= Approximate Competitive Equilibrium from Equal Incomes =

Approximate Competitive Equilibrium from Equal Incomes (A-CEEI) is a procedure for fair item assignment. It was developed by Eric Budish.

== Background ==
CEEI (Competitive Equilibrium from Equal Incomes) is a fundamental rule for fair division of divisible resources. It divides the resources according to the outcome of the following hypothetical process:
- Each agent receives a single unit of fiat money. This is the Equal Incomes part of CEEI.
- The agents trade freely until the market attains a Competitive Equilibrium. This is a price-vector and an allocation, such that (a) each allocated bundle is optimal to its agent given his/her income - the agent cannot purchase a better bundle with the same income, and (b) the market clears - the sum of all allocations exactly equals the initial endowment.
The equilibrium allocation is provably envy free and Pareto efficient. Moreover, when the agents have linear utility functions, the CEEI allocation can be computed efficiently.

Unfortunately, when there are indivisibilities, a CEEI does not always exist, so it cannot be used directly for fair item assignment. However, it can be approximated, and the approximation has good fairness, efficiency and strategic properties.

== Assumptions ==
A-CEEI only assumes that the agents know how to rank bundles of items. The ranking need not be weakly additive nor even monotone.

== Procedure ==
A-CEEI with parameters $\alpha,\beta$ divides the resources according to the outcome of the following hypothetical process:

- Approximate-EI: each agent receives an income between 1 and $1+\beta$. The exact income of each agent can be determined randomly, or by seniority (seniors can get a slightly higher income).
- Approximate-CE: a price-vector and an allocation are calculated, such that (a) each allocated bundle is optimal to its agent given its budget, and (b) the market "almost" clears: the Euclidean distance between the sum of all allocations and the initial endowment is at most $\alpha$.

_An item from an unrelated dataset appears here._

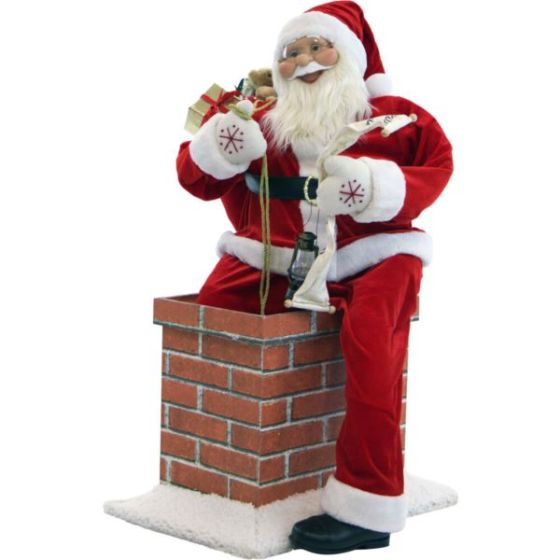 4-Ft. Music and Motion Santa Claus in the Chimney, Animated Indoor Christmas Holiday Home Decor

Budish proves that, for any $\beta>0$, there exists $\alpha,\beta$-CEEI where $\alpha$ depends on the minimum between the number of different item-types and the number of different items that an agent may receive.

== Guarantees ==
The allocation satisfies the following properties:
- Envy-free-except-1-item (see envy-free item assignment).
- $(n+1)$-maximin-share-guarantee.
- Pareto efficiency with respect to the allocated items. I.e, there is no Pareto-improving trade among the agents, but there may be Pareto-improving traders between an agent and the market-maker.

Moreover, the A-CEEI mechanism is strategyproof "in the large": when there are many agents, each agent has only a small influence on the price, so the agents act as price takers. Then, it is optimal for each agent to report his true valuations, since it allows the mechanism to give him an optimal bundle given the prices.

== Computation ==
The A-CEEI allocation is hard to compute: it is PPAD complete.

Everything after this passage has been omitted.